▶

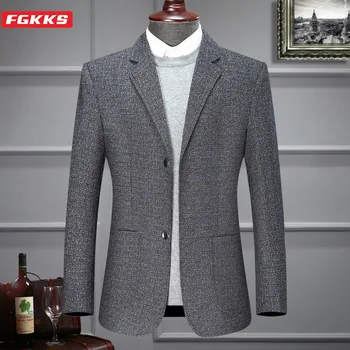 

FGKKS Brand Men Blazers Korean Version Wild Men's Office High Quality Suit Jacket evening Dress 2020 Business Casual Blazer Male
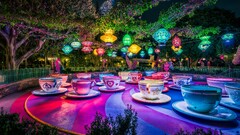 Disneyland theme parks Trees lantern cup California colorful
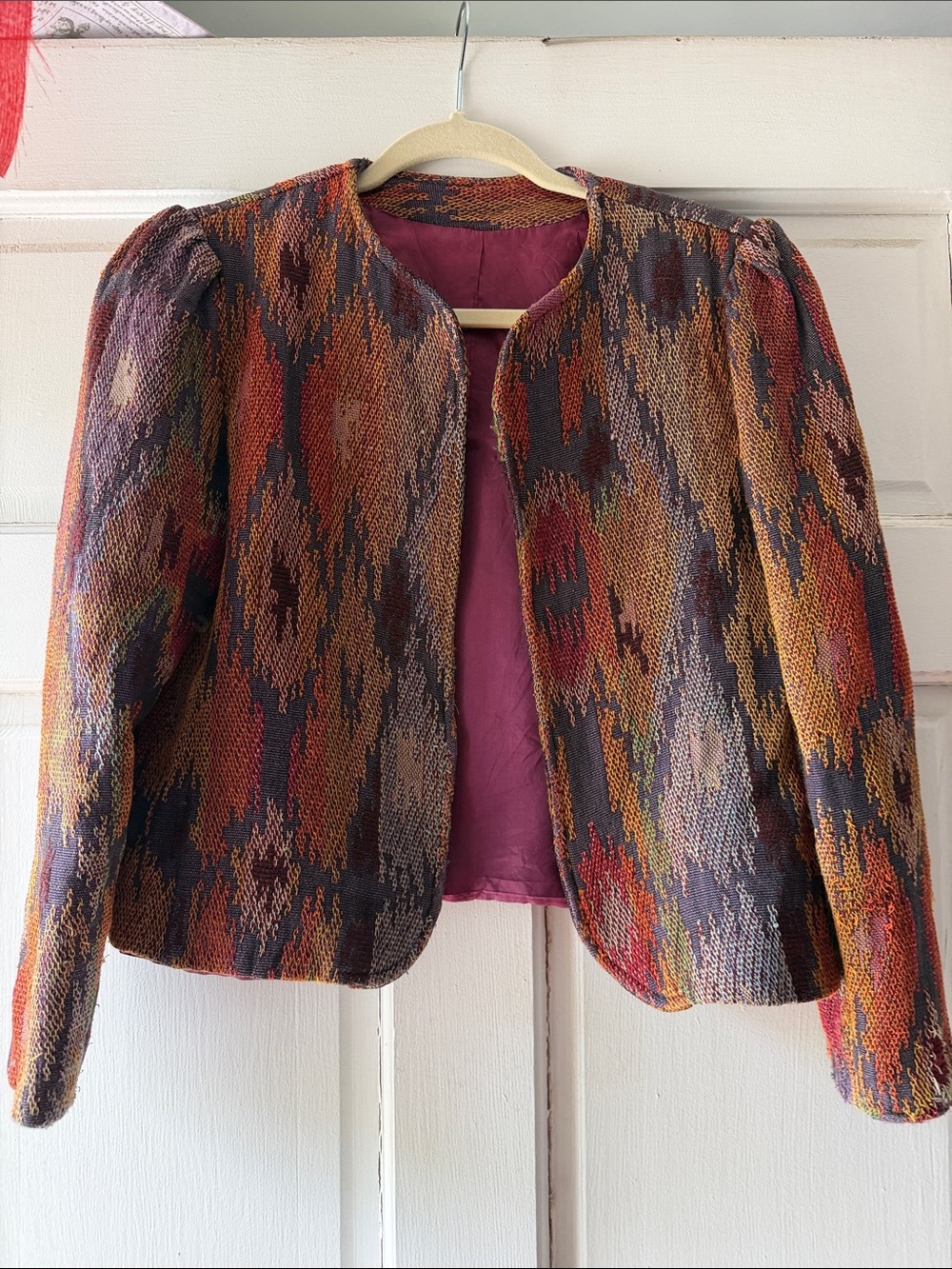 Vintage Textured Multicolor Patterned Cropped Jacket - Rust, Plum, Gold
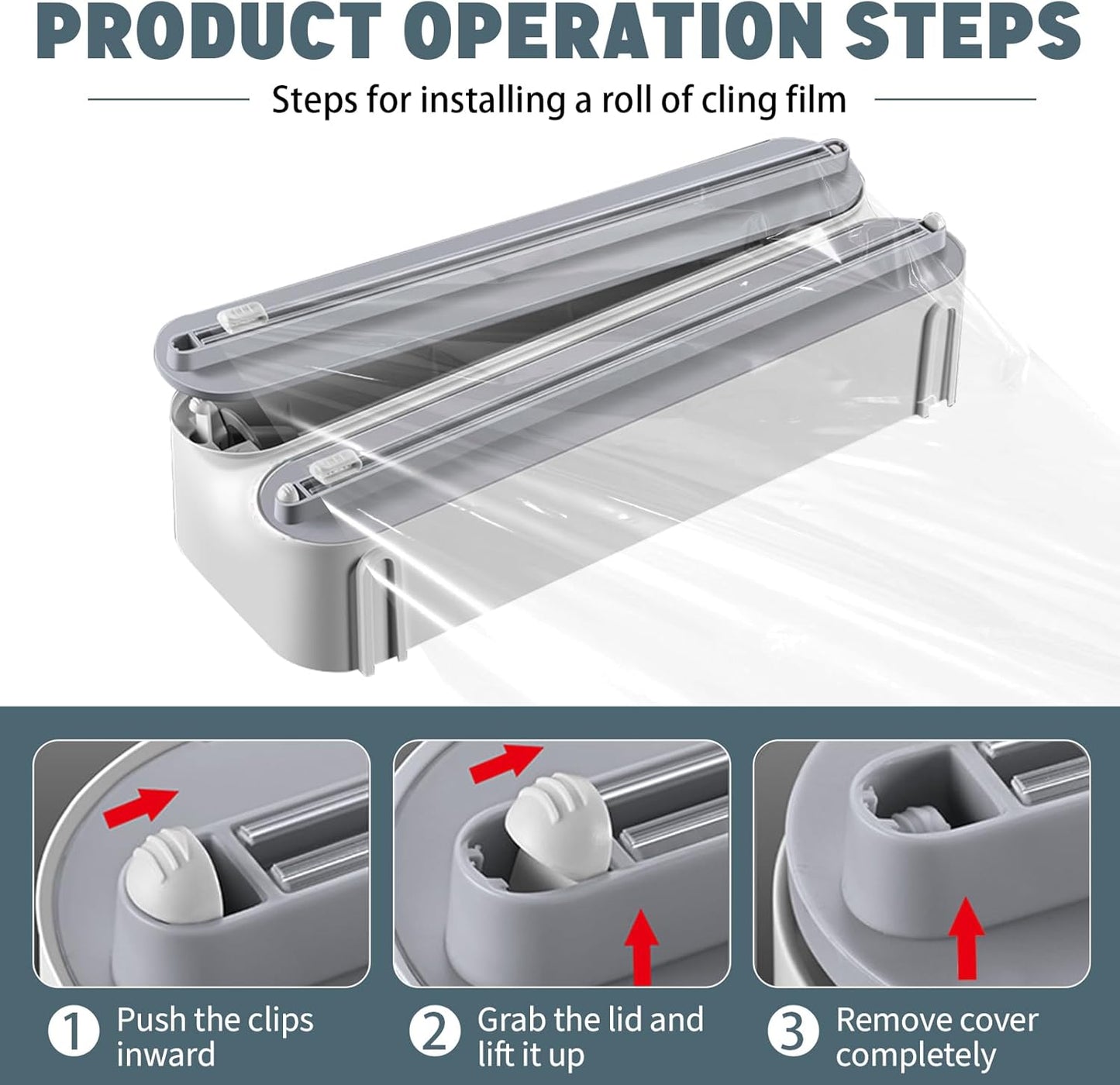 3 in 1 Plastic Wrap Dispenser with Cutter Magnetic Aluminum Foil | Wall Mount Kitchen Wrap Organizer, Cling Wrap Dispenser with Paper Towel Holder and Cutter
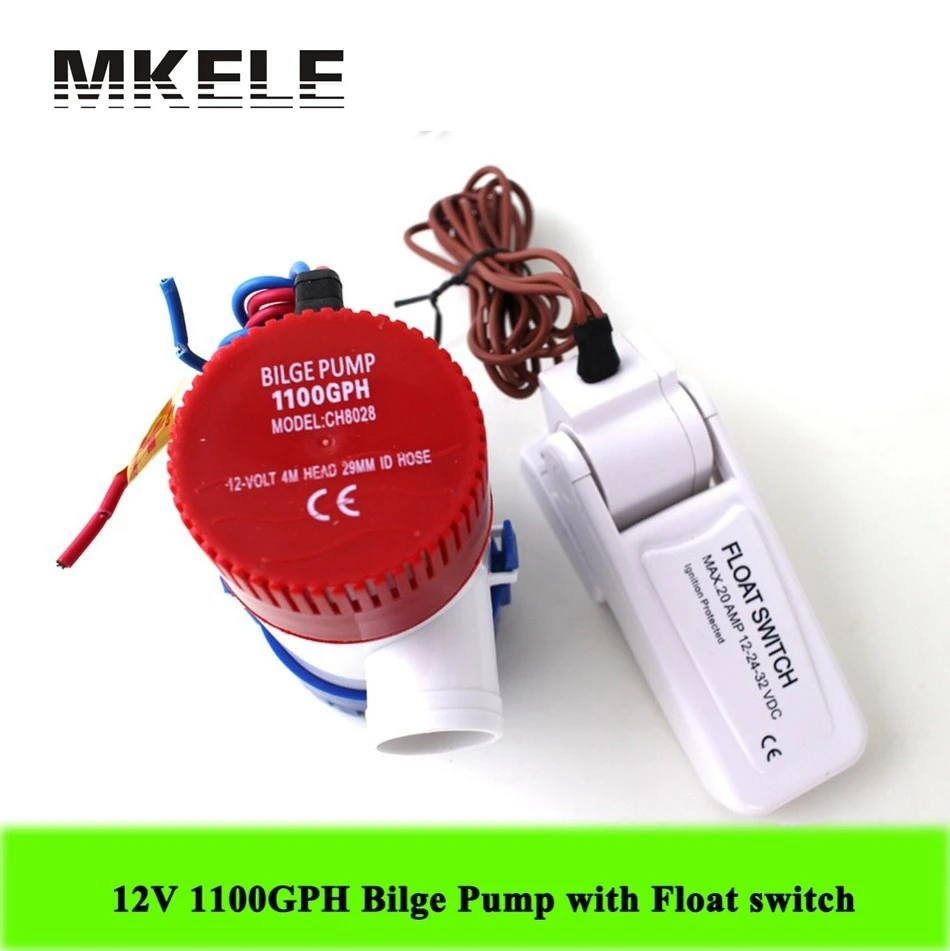 

Hot Sale 1100GPH High Flow Submersible Marine Boat Electric Bilge Pump 12V 3A With Float Switch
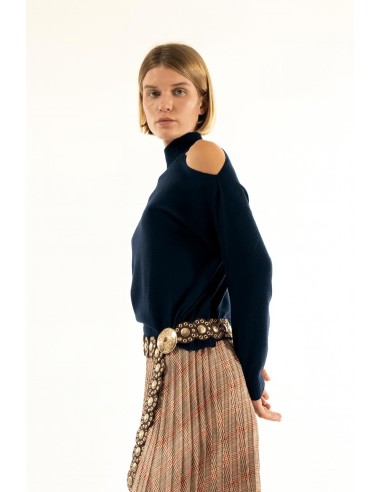 Camisola de gola alta com recorte no ombro Kontatto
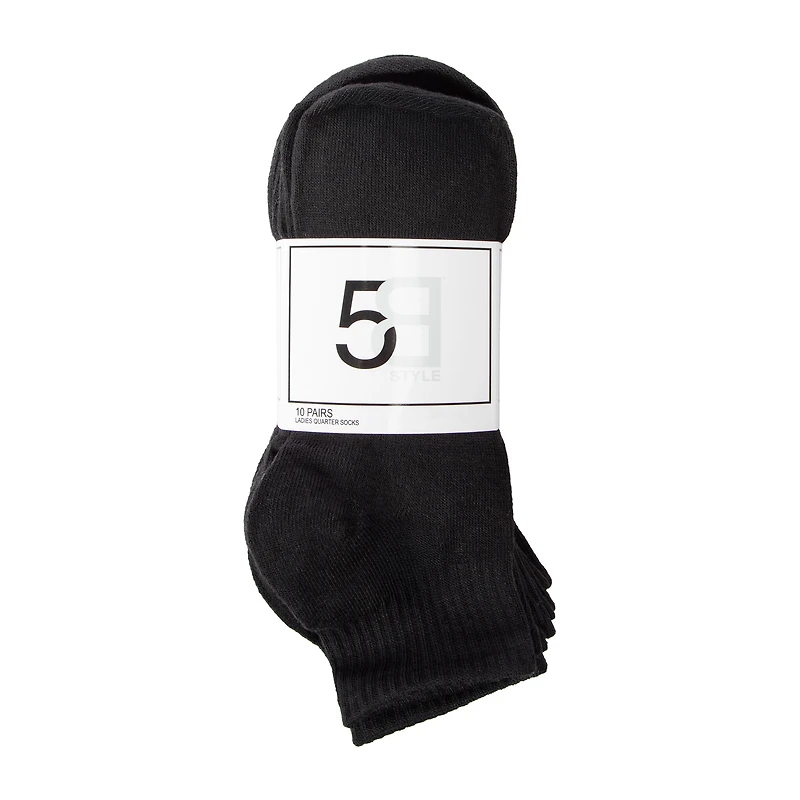 Juniors Ladies Quarter Socks 10-Pairs
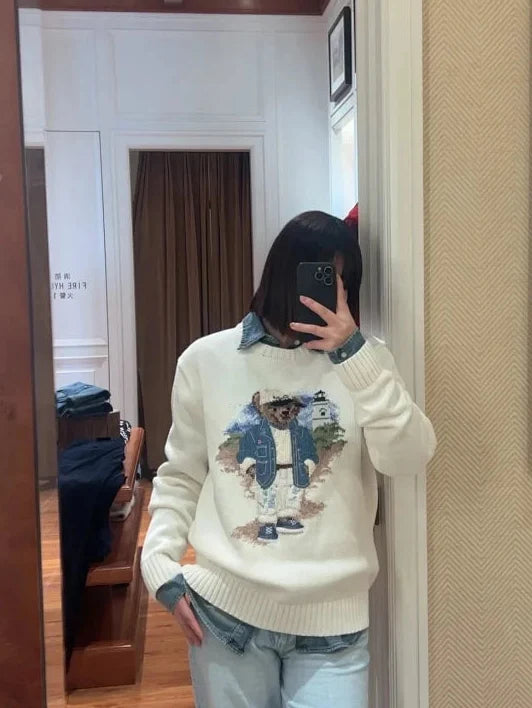 Cream Coastal Bear Knit Sweater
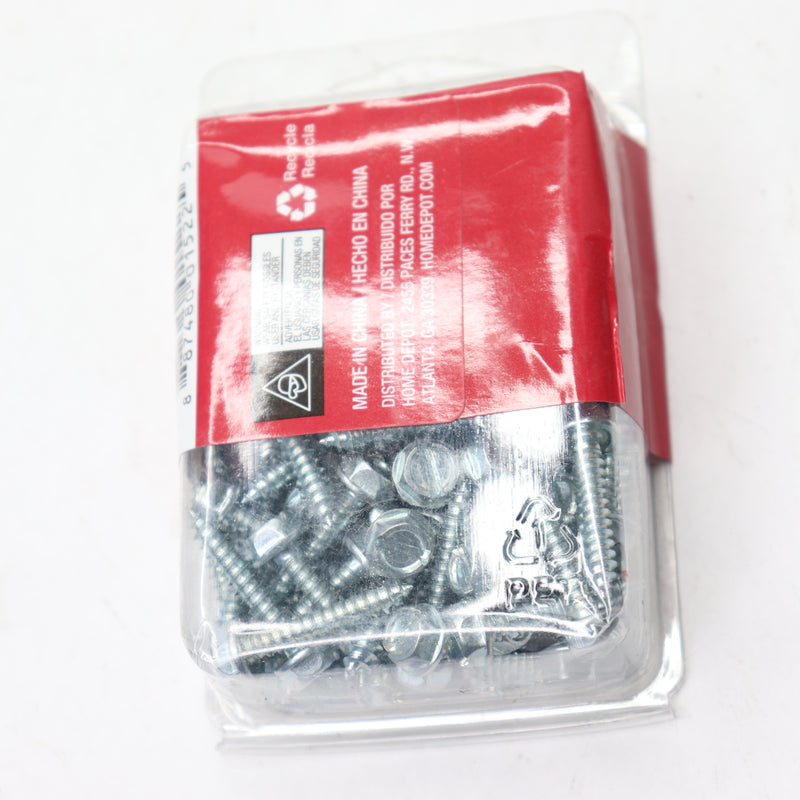 (100-Pk) Everbilt Hex Head Slotted Drive Sheet Metal Screws Zinc Plated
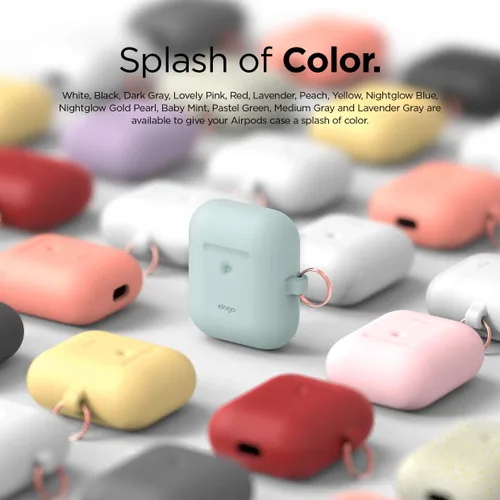 Vista 9 de elago Funda de silicona con llavero para AirPods 2 Menta suave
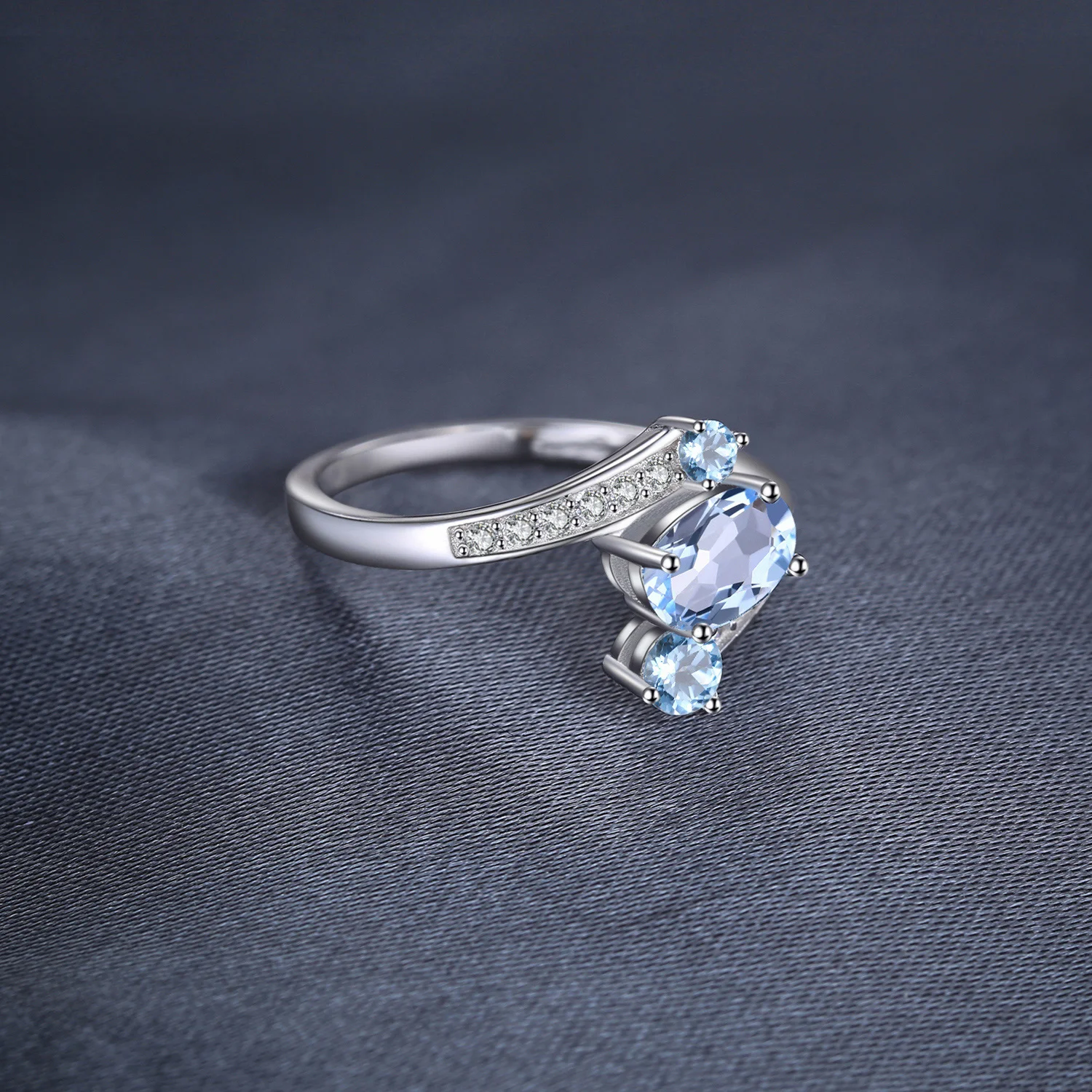 JewelryPalace 2.48ct Природный Голубой топаз Драгоценное кольцо чистого массива натуральной 925 пробы серебро Винтаж подарок для Для женщин ювелирные изделия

◀

What is needed is an exact restatement of every line from the one containing "3 in 1 Plastic" through the last line of the records, pictures left out.

 3 in 1 Plastic Wrap Dispenser with Cutter Magnetic Aluminum Foil | Wall Mount Kitchen Wrap Organizer, Cling Wrap Dispenser with Paper Towel Holder and Cutter

Hot Sale 1100GPH High Flow Submersible Marine Boat Electric Bilge Pump 12V 3A With Float Switch
 Camisola de gola alta com recorte no ombro Kontatto
 Juniors Ladies Quarter Socks 10-Pairs
 Cream Coastal Bear Knit Sweater
 (100-Pk) Everbilt Hex Head Slotted Drive Sheet Metal Screws Zinc Plated
 Vista 9 de elago Funda de silicona con llavero para AirPods 2 Menta suave
 JewelryPalace 2.48ct Природный Голубой топаз Драгоценное кольцо чистого массива натуральной 925 пробы серебро Винтаж подарок для Для женщин ювелирные изделия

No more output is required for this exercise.